I survived my daughter's first year of life. Yes, me, not her. The challenges of child-rearing always present mental hurdles, especially as a single mom. I feel I can stand the test of time raising her on my own, as a certain security settles in my soul. She revolves my universe, even though I'm completely bound, trapped in the duties of motherhood, I'm still free and rhythmically attuned to her needs. No restrictive relationship, or cumbersome battles over what's best for her. I own the remote control and I sprawl between my sheets carefree. Loneliness seeps in from time to time, but nothing that cannot be abated, stomped out with busy schedules, child demands, friendly comaraderie, tasting groups, study rituals, and just good ol' "me" time over a glass of wine and cheese indulgence. Most of all, no distractions churn my thoughts in a downward spiral, no anxious doubts of "he likes me, he likes me not." No thumb twitching over anticipated texts or phonecalls.

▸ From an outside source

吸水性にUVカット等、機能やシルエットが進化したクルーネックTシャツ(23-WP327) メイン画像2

Really? Yes the walls were built, mounted behind a deep, wide moat while the town disposed of ropes and lumber long ago. But as the spring aromas fill the air, and my daughter's independence grows with each passing day, I can't help to notice a floundering change of sentiments. The blue Rhododendrons nourish their blooms. Irises border the drive, yellow, white and purple. My all-time favorites spring mid-June, wild and free: orange tiger-lilies. The orange petals spotted brown mark the savage dreams, the internal burning flames, the silent cries stifled deep within, passions rearing to be unleashed. Full-circle, a year gone by. Now I wonder what new philosophies should I live by? I think it's time, to share a bottle of most beloved wine with a new love. Yearning to covet a fledgling desire, the wines will turn to bubbly Champagne, sapid Italian whites, lovely Vouvrays, white Bordeaux, Gru-Vs, and chilled Beaujolais. The list of zest and thrills goes on and on, but the choices for decent companionship do not. Men do not line the dusty rows of a wine shop waiting to be plucked, and if they did, how would you know the complex layers of flavor inside from the outside label alone?

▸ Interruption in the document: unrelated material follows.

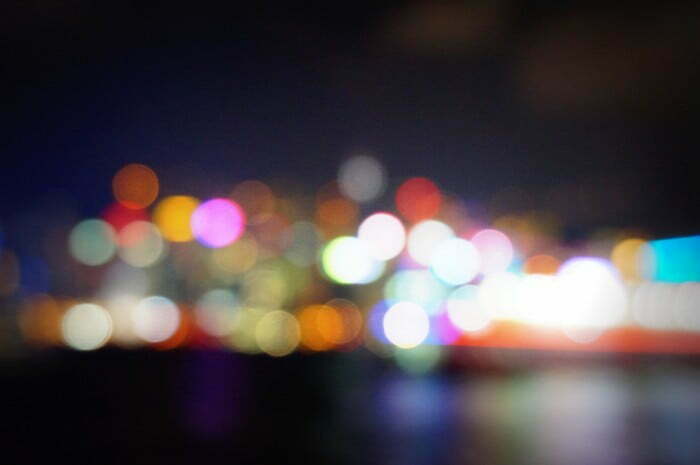 Blurred lights in Victoria Harbour, Hong Kong.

The truth be told, wine shared is more cherished. As quoted in Their Eyes Were Watching God, Jannie's heart was like the seashore, shaped and molded with each crashing wave--forever changing with each new chapter of her life. Now, for my change in the tide. What bottle dare I pick? Who dare I let inside?
2008 Chateau de Lascaux Coteaux de Languedoc J.B. Cavalier
spring garden, loaded with herbs, lavender, lilac, purple flowers. Bright red fruit, underlined with some baking spice, minerality, smooth, fine-powdered tannins. Full-bodied, huge flavor profile for the inexpensive price. find out afterwards it was a 2010 TOP 100 and mostly sold-ou
2009 Baudry-Dutour Chinon Rose
Absolutely mouth-watering, delicate, yet savoury. rose petals, dried cranberries, crisp acidity. most darling of a rose paired with cocoa cardona goats milk cheese and framani nostrano salame--very fragrant meat, but paired nicely with the cab franc rose.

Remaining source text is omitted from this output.